Cinema for Saving the Environment By Shahla Nahid
by Shahla Nahid
In the cinema, like in life, one fashion or, more exactly, one concern follows another. Thus cinema has always been the mirror of the society and this will not change. So, after the era of films on the war in Iraq during past years, came the time for another major concern: the environment. Therefore, we are witnessing every day the upcoming of a huge number of documentary films dealing with all aspects of our seriously threatened environment: climate, food and nature. This, of course, does not mean that the subject is forgotten in fiction films and Hollywood films have long favored “save the world” scenarios. I will get back to it later.
This formidable production of documentary films could not leave festivals indifferent and the 5th Reykjavik International film festival was not an exception and had created, this year, a whole section with eleven films directed by American, Canadian, German and East European documentary filmmakers. They all showed the increasing concern about our seriously threatened environment, the fragility of the ecosystem and problems linked to water.
For example, The Whispering of the Trees (El susurru de los árboles) by Tom Lemke from Germany showed a tribe living in southern Chile which drags its name from a tree, Pehuenche (pine nut), which is the fruit of the Aruacana tree. This particular fruit kept the people of this tribe alive for many centuries. But today civilization has invaded the Pehuenche community and their way of life has changed. Somehow the people still fight to keep their culture alive.
Fridge by Czech director Lucie Stamfestova shows the consequences of a neglect of a man who forgets to close his fridge. This cause changes in the micro climate inside. Everything spoils and dries up. Cans explode and meld spreads all over the place. Lucie Stamfestova, shows, in a seven-minute film, the whole metaphor about the green house effect.
In Search of a Legend (W poszukiwani legendy) by Polish director Konstanty Kulik chose to show a sail across the arctic. More than their adventure, it was their encounter with various interesting people who fight for their livelihood according to their own rules which draws attention. Inuits who send their children to hunt seals for food during the day and at night — the same children play games on their computer.

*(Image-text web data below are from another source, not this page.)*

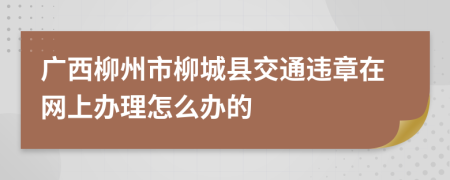 广西柳州市柳城县交通违章在网上办理怎么办的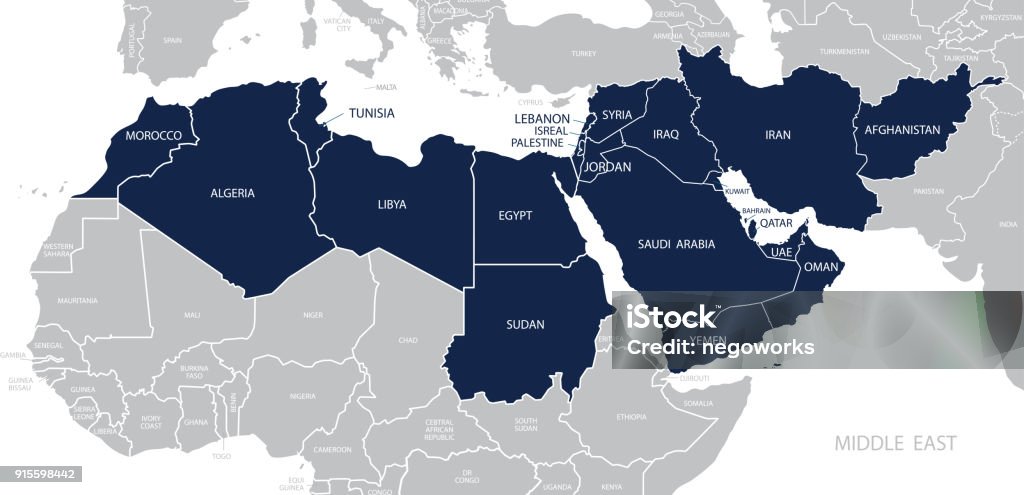 Map of Middle East. Vector Map of Middle East. Member states are as follows; Map stock vector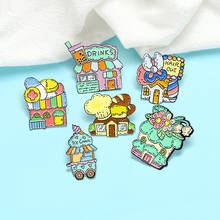 Lovely DRINKS Hair cut Pharmacy Ice cream truck bakery Enamel Pins Brooches Lapel Pin Shirt Bag Badge Jewelry Gift for Friends 2024 - buy cheap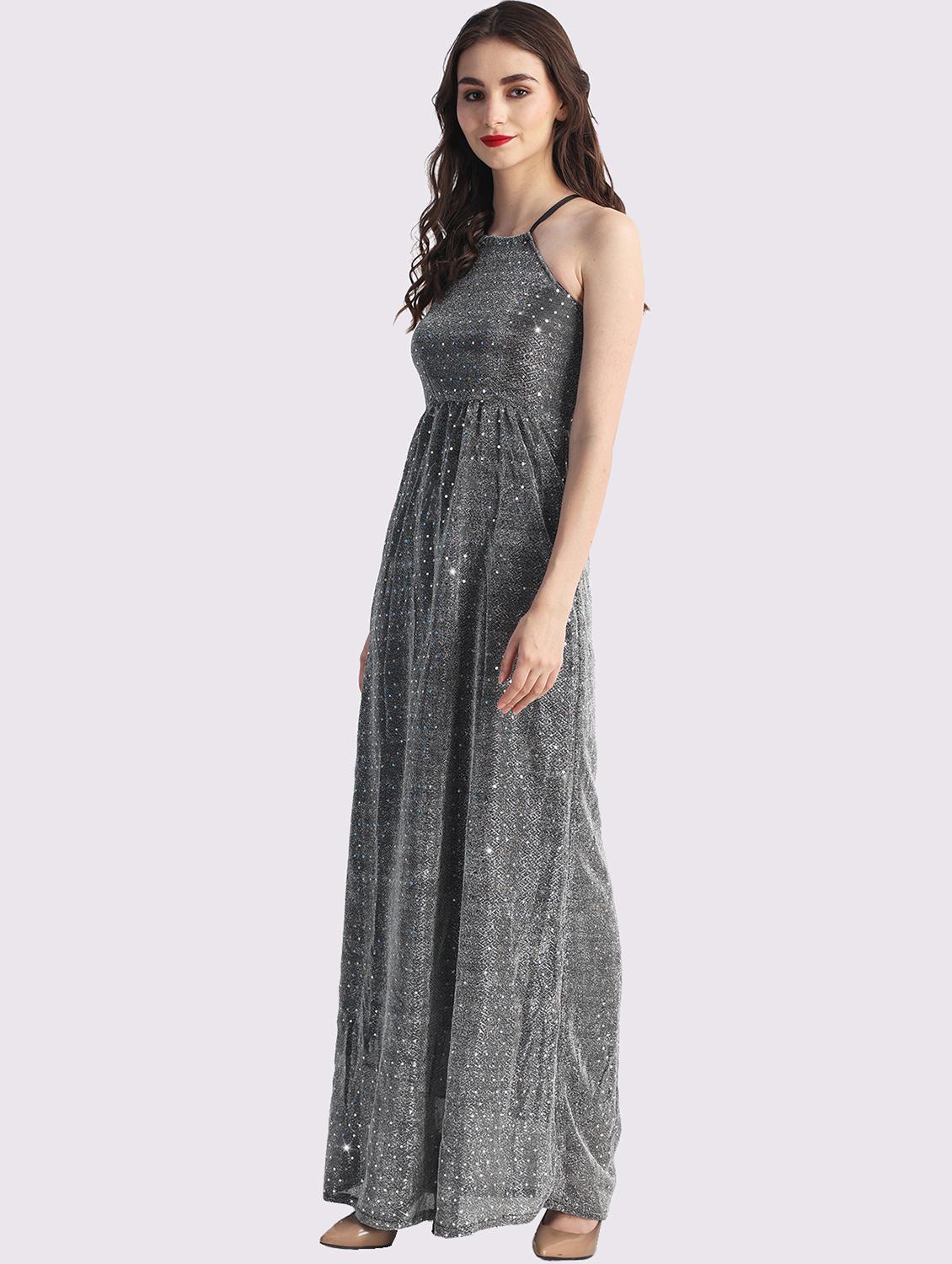 womengrey sequined shoulder strap a-line dress - 22054172 - Standard Image - 1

Through these examples, one can conclude that while cinema tries to sound warning bells, it is not always the place where practical solutions are given. About Water: People and Yellow Cans by Udo Maurer from Austria took us, through the surrealist ship, to deserts of Kazakhstan, the floating towns of Bangladesh and the narrow streets of Nairobi and showed how water shapes life on earth. In Bangladesh the major concern is to combat invading water, around the Aralsk area in Kazakhstan people fight to keep water from disappearing and in Nairobi the struggle goes on for a few drops of clean drinking water.
At the beginning I briefly mentioned the existence of fiction films which dealt with environmental subjects. The best example at the Reykjavik International film festival “New Visions” category was Home by Ursula Meier. In this film we witness how the life of a happy family turns to a nightmare because of a noisy environment. The filmmaker goes deep down into the inner world of each character and shows the evolution of restlessness. This is a film not only for film critics but for everybody.
One thing is for sure, the aim of all these films is to increase our awareness about the relationship between man and the environment, the safeguard of the territory, vanishing forests, water, identity and fight against irreversible changes which are in process. They also tend to inspire us to take action. The main question arises then: has cinema ever contributed to changing our mentality?
While the poorest people in the world suffer from the effects of the eco-crisis and the rich find always the way to protect themselves and earn more money by destroying the environment with the benediction of rulers, what can cinema do?
Given the fact that the film production depends on money and capitalist systems in search of profits, who is going to seriously invest on these sorts of films? Al Gore’s documentary excluded. In his case also this question comes up: Why when he was the Vice-president of the United States didn’t he do anything for ratifying the Kyoto treaty?